New Law Increases Truck Weights on Georgia Roads

Georgia lawmakers have struck an agreement to increase the weight limit for some trucks traveling state highways. Governor Brian Kemp signed the measure into law in April, and the greater weight allowances went into effect in May.

House and Senate negotiators reached a compromise on the last day of the 2023 legislative session, and the Senate cast the final vote after midnight. A crucial component of the deal was that the higher weight limits would expire on July 1, 2025.

How Does the New Law Affect Semis?

House Bill 189 permits trucks carrying logging and farming commodities to weigh more than the existing limit of 84,000 pounds. In fact, the previous limit on state roads is 80,000 pounds; however, trucks are allowed a variance of up to 84,000 pounds. The increased weight would be allowed only on local roads and state highways. It does not apply to interstates. Trucks remain limited to 80,000 pounds on interstate highways.

In addition, these heavier trucks could only travel within a 150-mile radius of their point of origin and would not be allowed in 13 core metro Atlanta counties.
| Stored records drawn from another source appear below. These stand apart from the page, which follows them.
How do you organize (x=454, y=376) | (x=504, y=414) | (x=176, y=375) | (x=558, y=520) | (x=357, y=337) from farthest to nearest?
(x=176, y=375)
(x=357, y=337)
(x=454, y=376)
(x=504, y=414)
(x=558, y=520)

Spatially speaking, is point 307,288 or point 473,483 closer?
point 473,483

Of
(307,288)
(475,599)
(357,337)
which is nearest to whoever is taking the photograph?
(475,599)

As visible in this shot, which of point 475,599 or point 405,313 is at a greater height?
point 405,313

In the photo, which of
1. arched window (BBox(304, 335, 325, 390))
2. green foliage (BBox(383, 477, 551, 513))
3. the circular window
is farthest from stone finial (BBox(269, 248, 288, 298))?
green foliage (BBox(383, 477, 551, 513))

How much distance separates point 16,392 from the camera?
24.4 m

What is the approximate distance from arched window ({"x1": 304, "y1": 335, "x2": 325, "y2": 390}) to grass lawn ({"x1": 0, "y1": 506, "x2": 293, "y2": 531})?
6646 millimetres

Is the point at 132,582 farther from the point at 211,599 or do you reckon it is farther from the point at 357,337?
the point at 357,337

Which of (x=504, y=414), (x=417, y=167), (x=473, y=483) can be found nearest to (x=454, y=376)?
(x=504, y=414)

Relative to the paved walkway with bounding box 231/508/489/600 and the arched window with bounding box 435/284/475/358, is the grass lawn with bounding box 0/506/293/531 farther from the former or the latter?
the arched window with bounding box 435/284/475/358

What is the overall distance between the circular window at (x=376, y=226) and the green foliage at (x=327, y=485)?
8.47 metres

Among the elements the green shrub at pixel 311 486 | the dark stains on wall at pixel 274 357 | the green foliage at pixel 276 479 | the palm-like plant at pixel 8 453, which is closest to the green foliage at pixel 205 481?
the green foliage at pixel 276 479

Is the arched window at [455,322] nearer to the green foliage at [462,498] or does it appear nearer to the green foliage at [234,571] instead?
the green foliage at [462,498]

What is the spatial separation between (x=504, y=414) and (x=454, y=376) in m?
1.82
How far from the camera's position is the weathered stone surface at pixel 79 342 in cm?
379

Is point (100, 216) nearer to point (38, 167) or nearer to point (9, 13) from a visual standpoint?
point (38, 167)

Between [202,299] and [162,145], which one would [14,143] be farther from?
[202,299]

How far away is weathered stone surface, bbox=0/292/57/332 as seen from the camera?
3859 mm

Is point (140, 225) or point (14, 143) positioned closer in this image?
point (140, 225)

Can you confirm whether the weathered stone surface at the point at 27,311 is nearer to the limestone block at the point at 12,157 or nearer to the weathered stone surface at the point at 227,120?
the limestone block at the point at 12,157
Truck weights in Georgia have been enforced only by the state Motor Carrier Compliance Division. However, the law lets local police and sheriff’s departments to write tickets for overweight trucks stopped on local roadways. Weight enforcement on the interstate and state routes will stay within the purview of state officers. But prior to  local police officers enforcing weight limits, they’ll have to have additional training by the state. The county or city would also have to purchase new equipment, such as portable scales.

Also, pre-existing state law requires any overweight fines go to the state; so, the local jurisdiction couldn’t keep the money.
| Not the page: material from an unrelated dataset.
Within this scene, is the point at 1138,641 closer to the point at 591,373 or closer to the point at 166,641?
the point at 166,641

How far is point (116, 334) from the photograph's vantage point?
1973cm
Criticism of the New Law Cite Safety Concerns

The statewide associations for city and county governments, road safety advocates, and state departments for transportation and public safety said that the heavier loads were a threat to public safety and increased wear on the state’s roadways.

The chief engineer with the Georgia Department of Transportation said the bill was deeply troubling and explained that the legislation would double the number of bridges that restrict load sizes. The new weight limit would mean more than 2,800 bridges will have weight restrictions, resulting more frequent detours for tractor trailers drivers. In addition, opponents of the bill said there may be more crashes because of increased stopping distance.

Moreover, Georgia Commissioner of Transportation Russell McMurry said his agency would be required to redirect funds from critical highway projects to repair the damage the law would cause. This would cost the DOT approximately $500 million a year to rebuild state roads that would be damaged because of the higher truck weights and $7 billion to replace 1,408 bridges that would be posted as unsafe for heavier trucks.

The debate over truck weights saw a fight with logging, farming, and trucking groups. Those groups asserted that they could save money by hauling more freight per trip. Loggers argued the change could make the difference between profit and loss in their low-margin industry.

The U.S. Department of Transportation found that the bigger tractor-trailers crashed at 47% higher rates than the 80,000-pound trucks and that the bigger vehicles caused $1 billion more in bridge repairs.

Similarly, supervisors with the Georgia Department of Public Safety Motor Carrier Compliance Division testified at hearings early this year about concerns with having sufficient staffing to enforce the new limits and about the dangers of bigger rigs that are harder to brake even in ideal driving conditions. According to the Department of Public Safety, there has been an increase of approximately 15% in fatal crashes involving commercial vehicles over the past 12 months, and 2022 was a record year for deaths, with 52 truck drivers and 11 passengers.

Governor Kemp had been allowing heavy trucks that get special permits to haul up to 95,000 pounds under a supply chain emergency order that he repeatedly renewed. However, that order finally expired on March 11th, so the limit went back to 84,000 pounds.